The book is called The Martian Chronicles. Its introduction is the short-short story, "Rocket Summer," dated (for the book) January 1999. It's now June 2012, and I'm still waiting for Rocket Summer, though Elon Musk's SpaceX (on which I posted recently) offer us belated encouragement. But I digress.
I discovered Bradbury through The Martian Chronicles. It's not so much a story as it is a collection of short stories from the 1940s and published in both mainstream and sf magazines (with all due respect to Forrest J. Ackerman, "science fiction" ought not be shortened "sci-fi") that Bradbury wove together and published as a book in 1950. Old Time Radio would re-broadcast the 1950s NBC Radio programs Dimension X and X Minus One, which included adaptions of several of these stories. The stories were magic when I discovered them as a young teen, and they remain magic when I return to them in my "advanced youth." (In the 1979-80 TV miniseries starring Rock Hudson, the magic is excised -- so don't bother.)
There's much, much more, of course.
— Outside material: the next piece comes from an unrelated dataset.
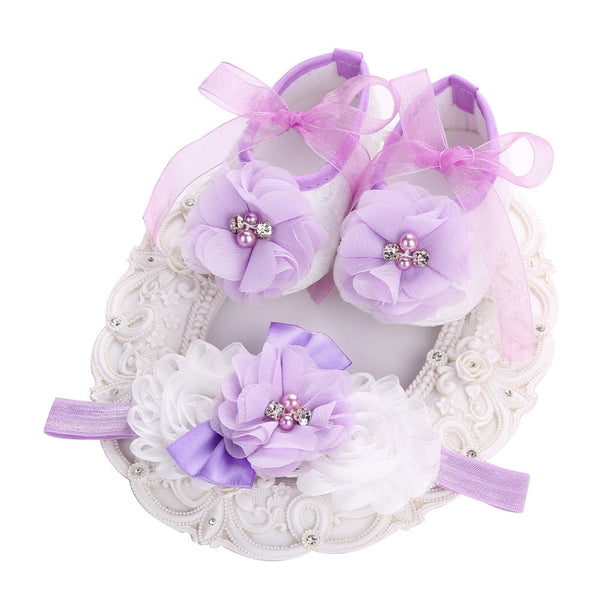 Fairy Collection (Set) : Purple Bead Flowers Shoes & Fairy Lace Headband For Baby Girl (In One Set)!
I'll leave that to the obituary writers, pointing you to this page from the Los Angeles Times where you can see an important side of Bradbury that others may not notice, but with which I connect.
And from the front page today of raybradbury.com:
...In 2005, Bradbury published a book of essays titled Bradbury Speaks, in which he wrote: In my later years I have looked in the mirror each day and found a happy person staring back. Occasionally I wonder why I can be so happy. The answer is that every day of my life I've worked only for myself and for the joy that comes from writing and creating. The image in my mirror is not optimistic, but the result of optimal behavior....And here are my other Ray Bradbury posts.
Throughout his life, Bradbury liked to recount the story of meeting a carnival magician, Mr. Electrico, in 1932. At the end of his performance Electrico reached out to the twelve-year-old Bradbury, touched the boy with his sword, and commanded, Live forever! Bradbury later said, I decided that was the greatest idea I had ever heard. I started writing every day. I never stopped.